PKB PT. PECTECH SERVICE INDONESIA

PKB PT.Pectech Sevices Indonesia( PT.PTSI) periode 2014-2016 telah berakhir dan atas kesepakatan bersama managemen PT.PTSI dengan serikat pekerja PT. Pectech Sevices Indonesia (SP.PTSI) memperpanjang mas berlakunya selama 6(enam) bulan.

IMG-20160807-WA0002[1]

Pra perundingan PKB pertama diadakan di Hotel Unigraha pada tanggal 23 – 24 Mei 2016. Team perunding dari SP. PTSI, dibantu dari Serikat Buruh Seluruh Indonesia ( SBSI) sebagai team Solidaritas. Dimana perundingan sempat tertunda karena salah satu team perunding SP.PTSI sdr.Arie Kesuma tidak di izinkan mengikuti perundingan oleh atasannya pak Sidin.Team perunding dari SP sepakat tidak akan memulai perundingan sebelum team perunding serikat lengkap, selama ini kami selalu bersama – sama membahas PKB yang akan dirundingka, apabila sdr.
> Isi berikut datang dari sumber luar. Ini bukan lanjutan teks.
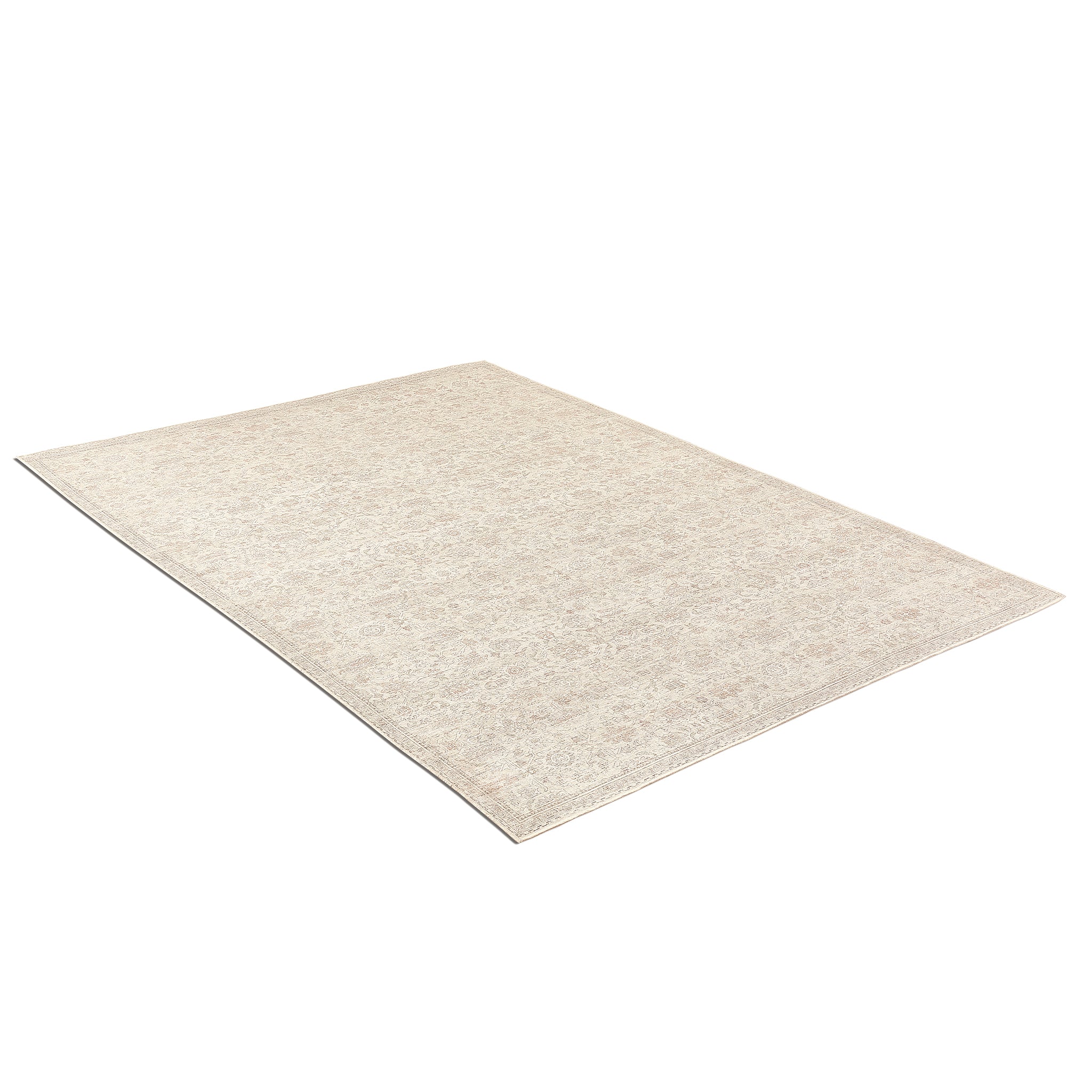 Sophia - Ivory/Beige (Rug Cover) - Image 12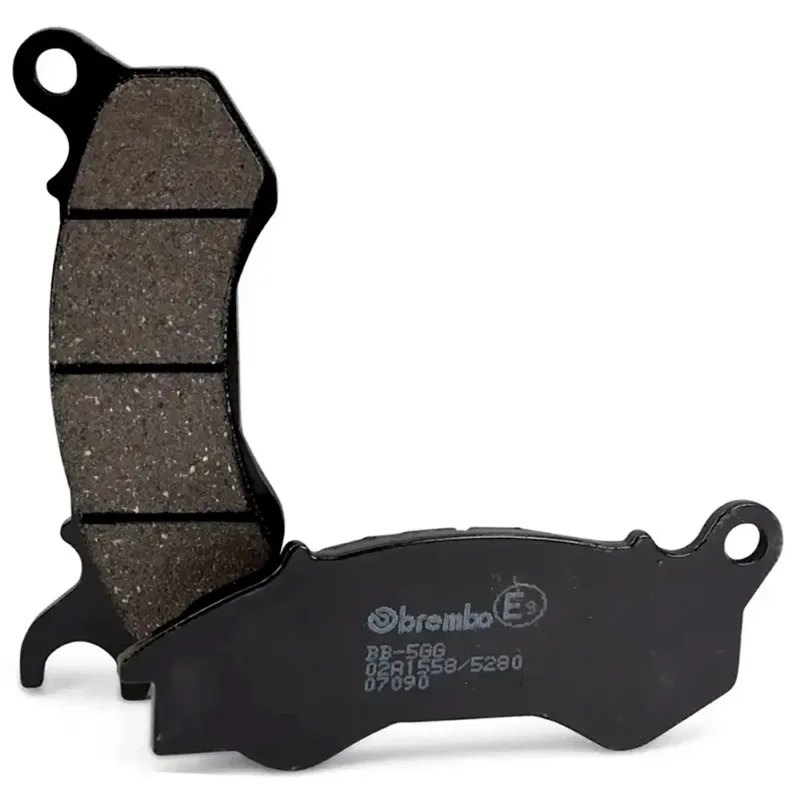 Vente Directe Brembo Plaquettes de frein en céramique 07090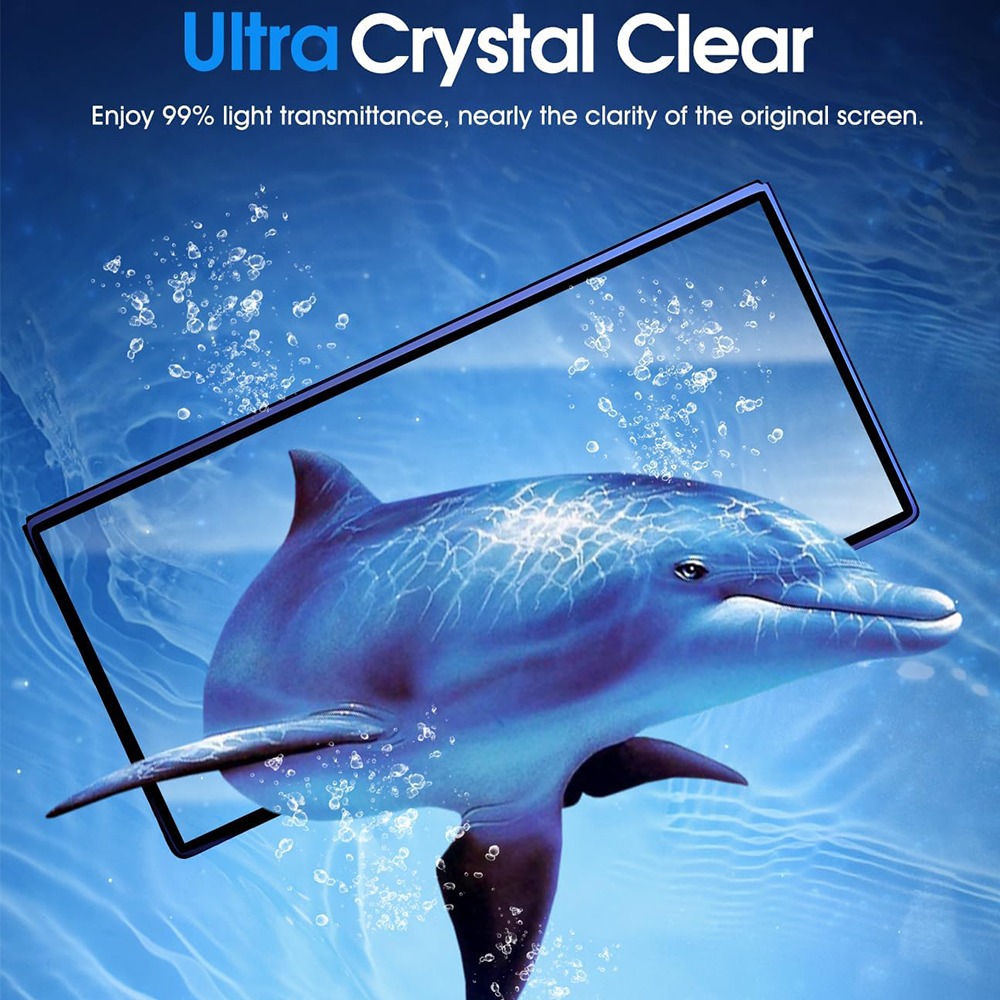 ZFold8 Flexible Hydrogel Films - Flexible Tpu Film recension och pris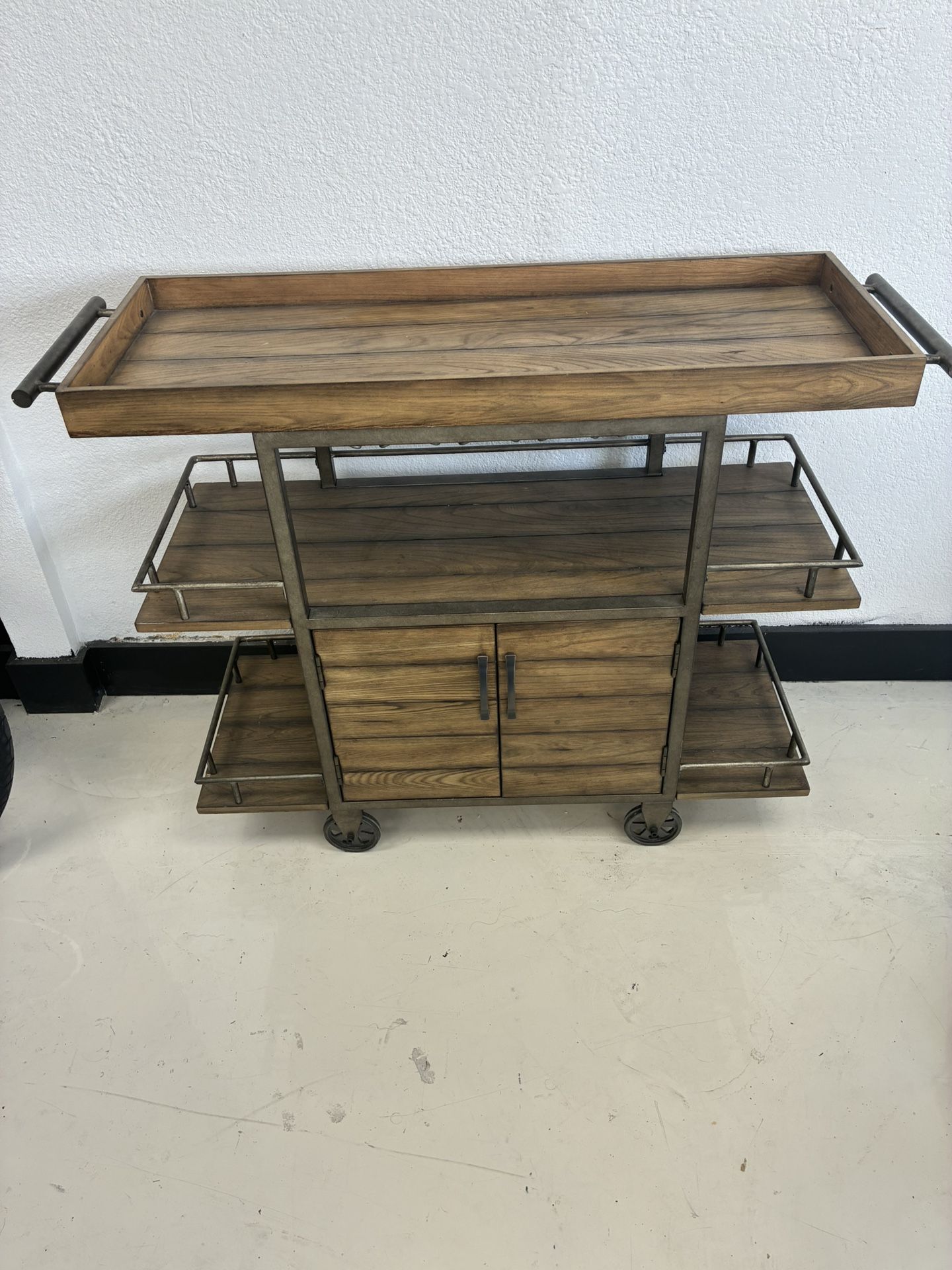 Bar Cart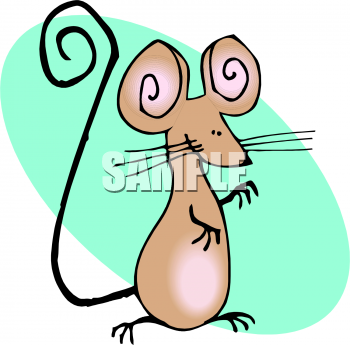 Rodent Clipart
Arie Kusama tidak diperbolehkan ikut maka team perusahan sama saja melumpuhkan kekuatan team SP. Perdebatan panjang terjadi antara kedua belah team, kalau alasan Sdr Arie dibutuhkan untuk menyelesaikan pekerjaan mengapa tidak dicarikan penggantinya karena team perunding telah didaftarkan jauh sebelumnya, tetapi setelah itu pukul 10:00 wib sdr.Arie dating team SP bernafas lega dan perundingan bisa dimulai.

Sejauh ini PKB yang ada berlaku sudah bagus dari setiap perundingan mengalami peningkatan kearah kesejahteraan pekerja, sebelum dilakukan perundingan team perunding road show / menyebarkan selebaran meminta semua anggota sp untuk memberikan masukkan / pendapatnya.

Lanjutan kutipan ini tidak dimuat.